So more rich people are moving into Kansas because they get lower tax rates. So your article and wale's article are in agreement on that.
Assuming only rich people were crossing over, not much to that assessment. If anything, that's good for Kansas.
It seems that Kansas and Texas have another thing in common. Those who are employed are in low-wage jobs and high-wage jobs aren't growing very fast. Therefore state revenue isn't high enough to pay for the state's expenditures.
So yeah, @waleuska is on to something.
That's a problem with a very clear beginning:
The people of Kansas are in need of capital. Without capital, there are limited businesses, limited growth, limited hiring, limited money for consumers, limited taxable income, limited money to afford various state expenditures. Reduction of tax rates allow for savings and investment, which provide an increase in capital.
As I've said, far too soon to tell. Interstate politics is fairly murky as it is, the year after Governor Brownback dished out his ambitious plan he implemented a raise on the sales tax twice (summer of 2015) and the income tax once, all of which he shouldn't have done. The raise on the sales tax primarily hurts the middle class. Instead, more cuts to the state budget should have been enforced. He's taken flack from both liberals and conservatives for this flip-flopping.

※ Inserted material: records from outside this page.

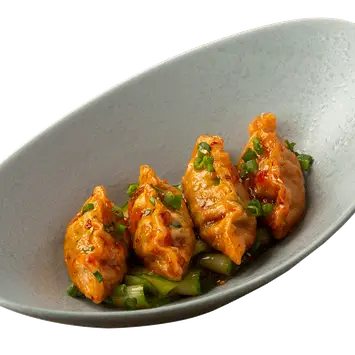 Дамплинги с мясом, креветками и овощами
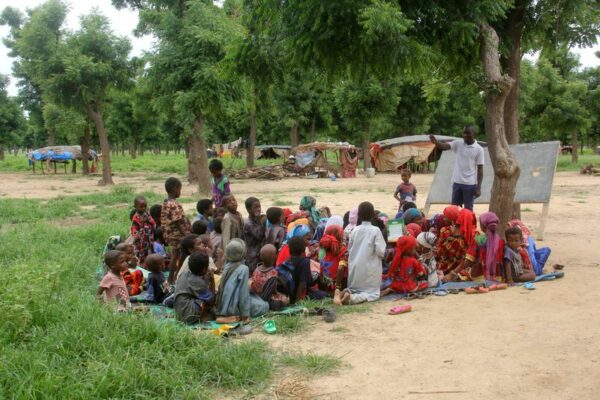Istruzione per tutti in Ciad: una scuola mobile dedicata ai figli dei pastori nomadi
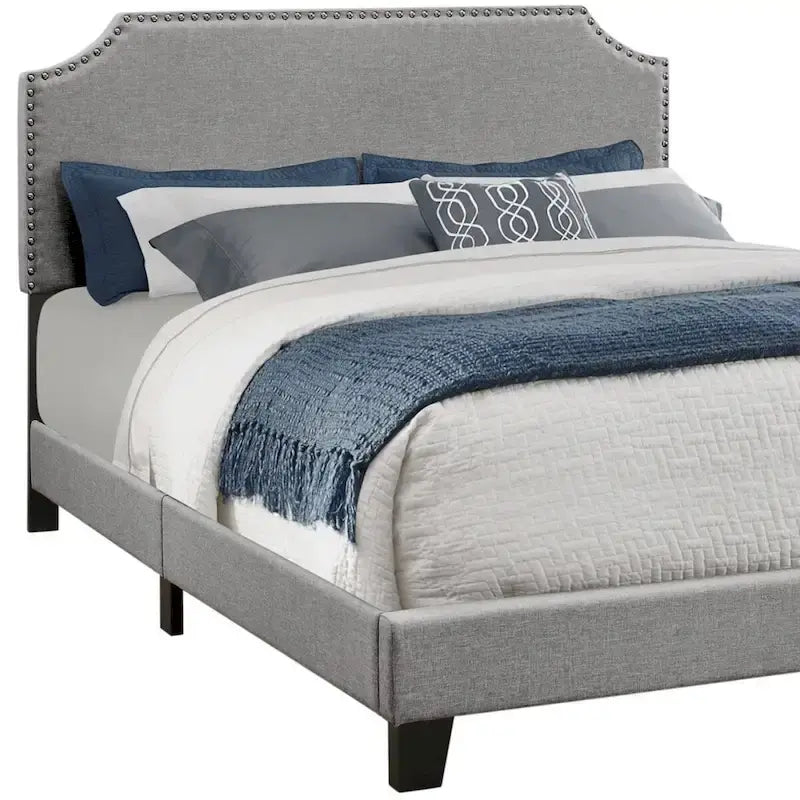Cadre de lit Queen rembourré gris avec tête de lit biseautée et clous décoratifs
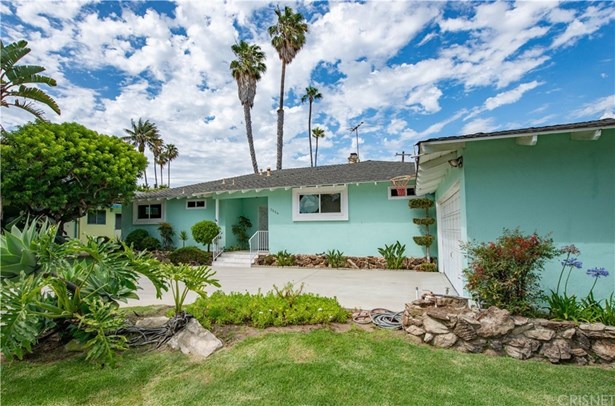 Single Family Residence, Ranch - Los Angeles, CA
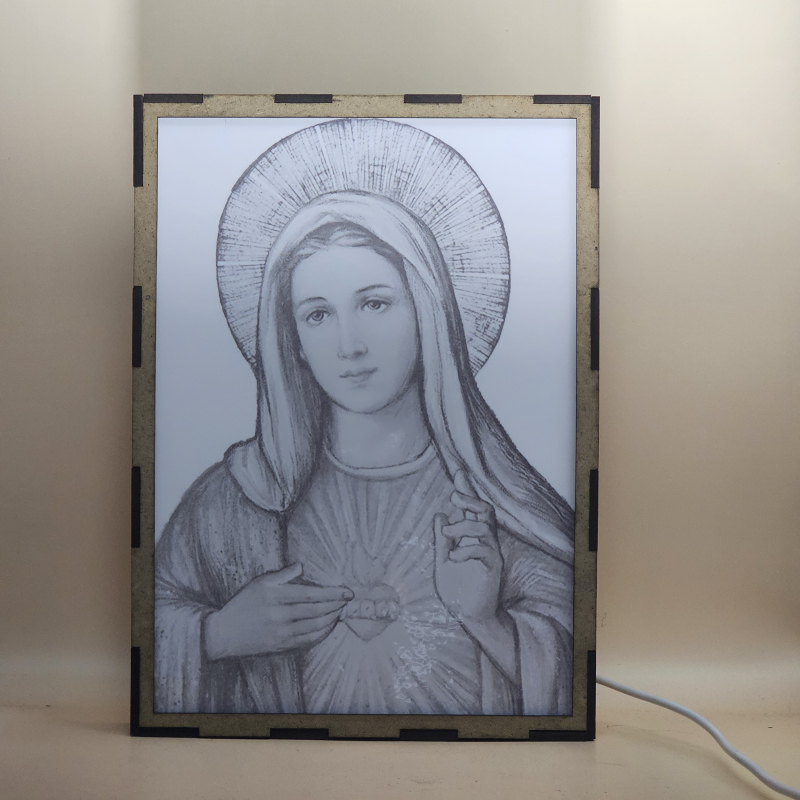 Lámpara con doble imagen  (La Virgen María, Inmaculado Corazon de María), vista apagada, se esconde la imágen de atras.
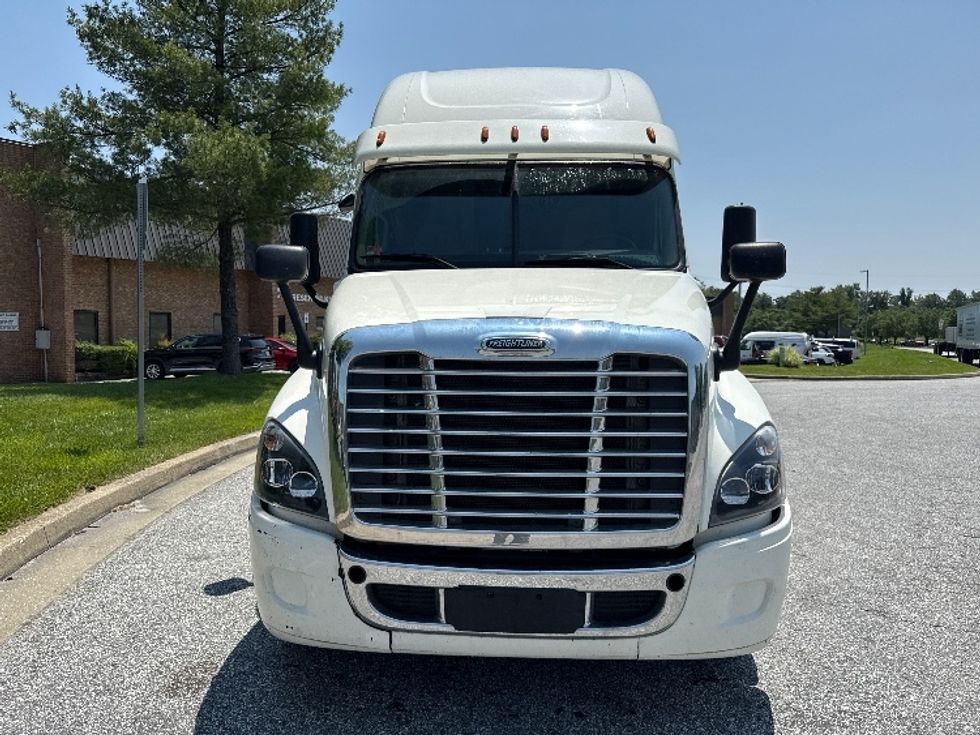 Sleeper Tractor-Heavy Duty Tractors-Freightliner-2019-Cascadia 12564ST-Essex-MD-457,553\n\t\tmiles-$ 54,750 - Image 2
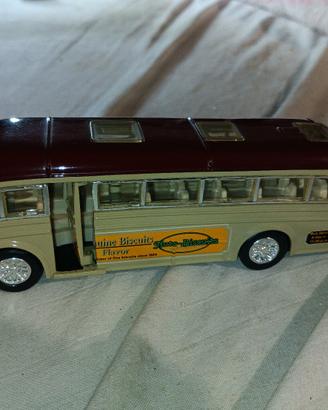 bus Sunny side luxury 1:43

And in this case it didn't happen.
You're far too trigger-happy. Job growth remains steady as traditionally observed in Kansas, a state that's not immediately impacted by recessions or growth as any other states. Far too soon to make a call either way whether Brownback has done well for the people of Kansas.
Keep linking to leftist sources for your terribly weak arguments, though. Tearing them apart is pretty fun.
Edited by Phenomiracle, 30 January 2016 - 02:43 PM.